Now, Pichai has officially declared an end to this brief stint of self-imposed austerity. In a blog post released on Thursday, Pichai revealed Google’s sizable investment plans for 2021, which aim to significantly expand its data centre footprint across the US, as well as increase the number of offices it owns and the number of employees who work in them.

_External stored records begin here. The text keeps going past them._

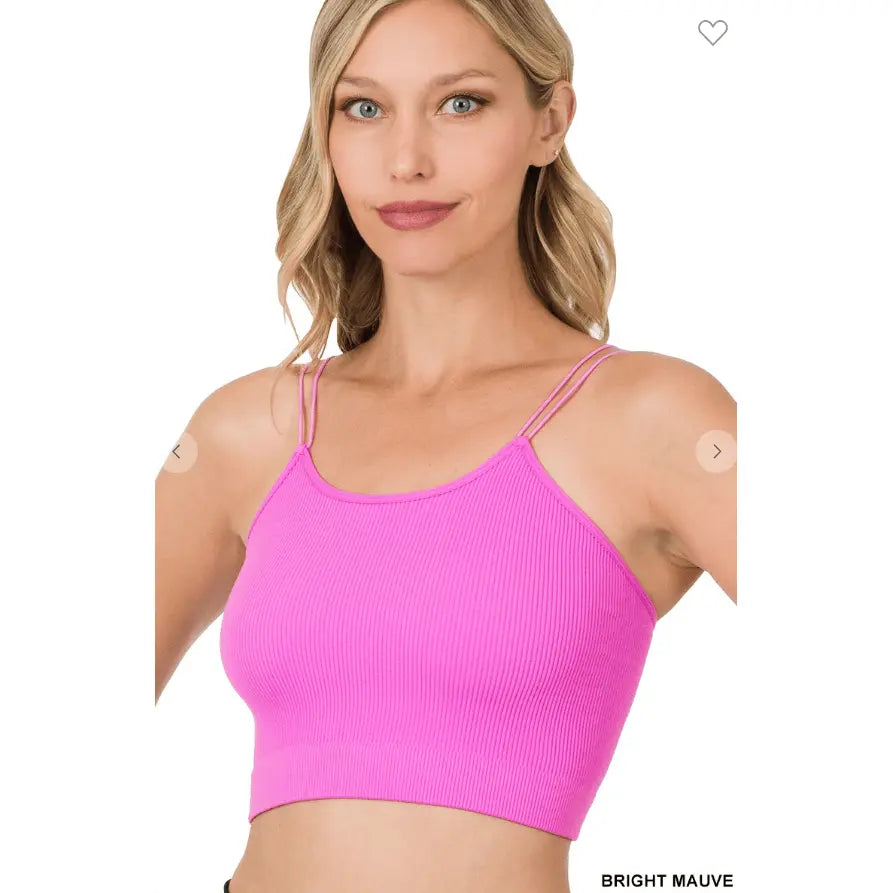 Ribbed seamless double strap brami Zenana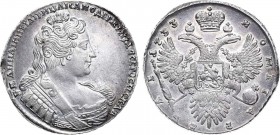 1 рубль 1733 года. 1 Rouble 1733

 Серебро. 26,68г. Кадашевский монетный двор. Аверс: без броши на груди, щитки пустые, в нижней ленте 4 украшения, ...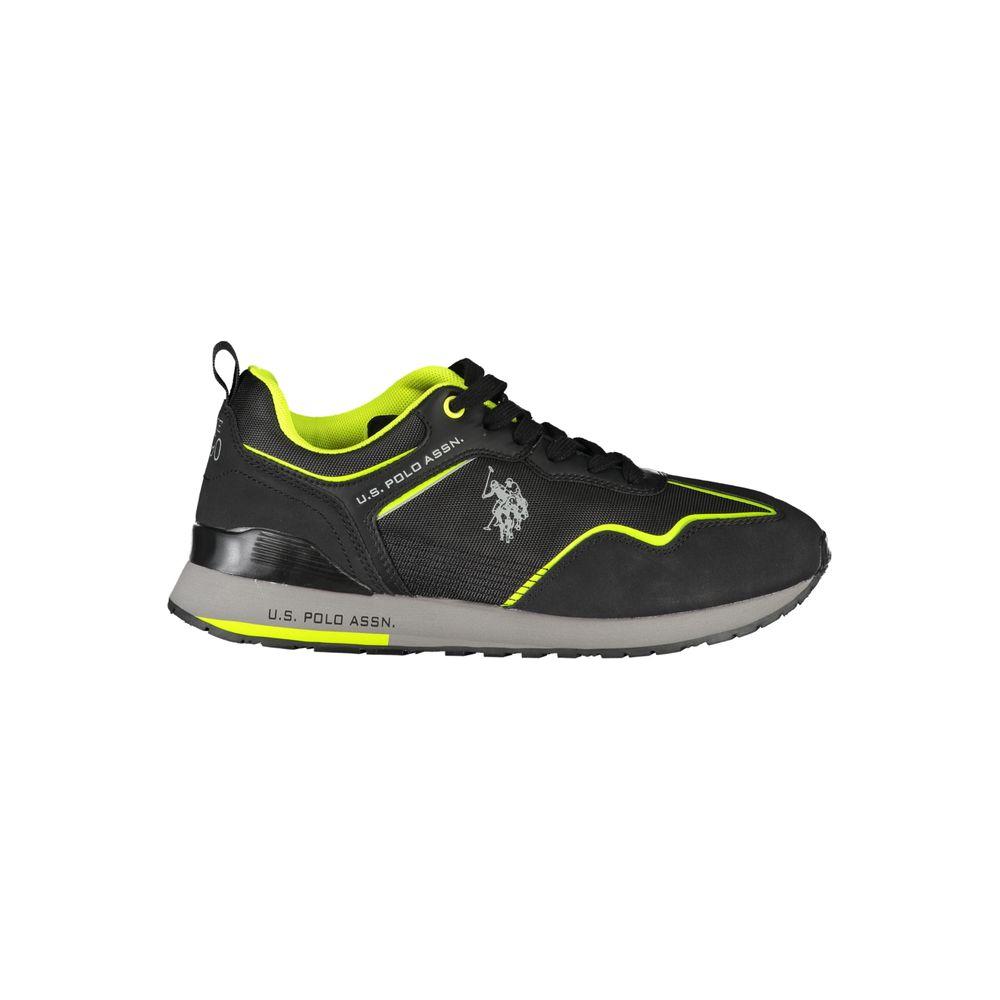 U.S. POLO ASSN. black lace-up sneakers with logo and neon accents, offering sporty style and comfort.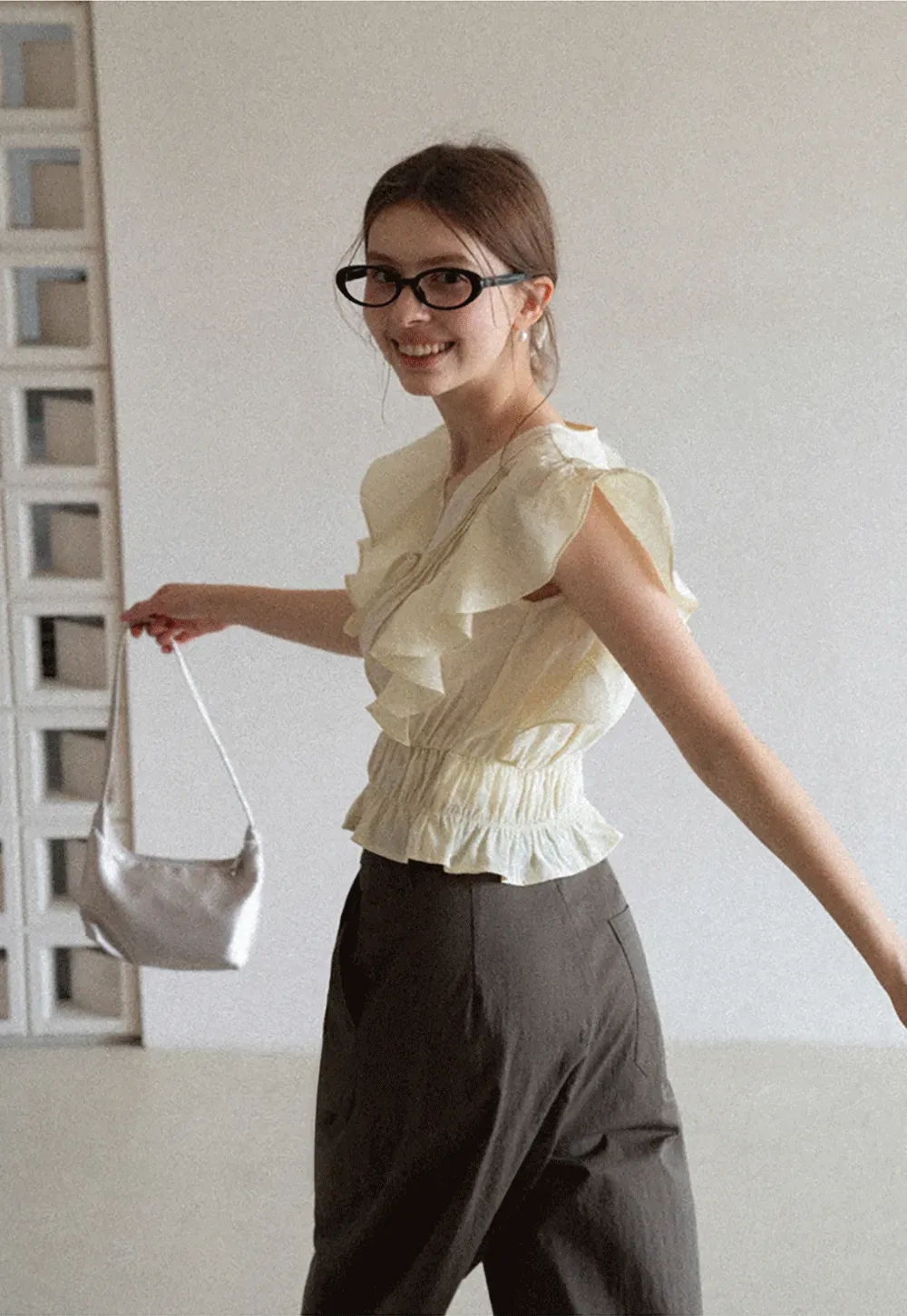 Ruffled Short Sleeve Top with Drawstring Waist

The plan, Pichai explained, is to invest more than $7bn in the expansion of Google’s data centre network and offices throughout the US this year, which comes alongside a pledge to grow the company’s staff by 10,000.

Courtesy of Alphabet, Inc
“We’re increasing our investment in our South Carolina data centre, establishing our newest Cloud engineering site in Durham, North Carolina, and opening the first US Google Operations Centre in Southaven, Mississippi. Our existing data centre sites in Nebraska, Ohio, Texas and Nevada will be fully up and running in 2021,” wrote Pichai, adding that, not only will the data centres themselves create new jobs in the construction and engineering sectors, but the services they support will “make it possible to provide products and services that help boost economic recovery.”
In 2020, Google Search, Google Play, YouTube and Google advertising tools reportedly helped create around $426bn worth of economic activity which impacted over 2mn American businesses, nonprofits, publishers, creators and developers.
He added: “In 2018 we made a commitment to double our workforce in New York by 2028, and this year, we will continue to invest in building out our campus presence to meet that goal. We’ll continue to invest in our Cambridge, Massachusetts, and Pittsburgh, Pennsylvania offices, as well as increase our workforce in Washington, DC.”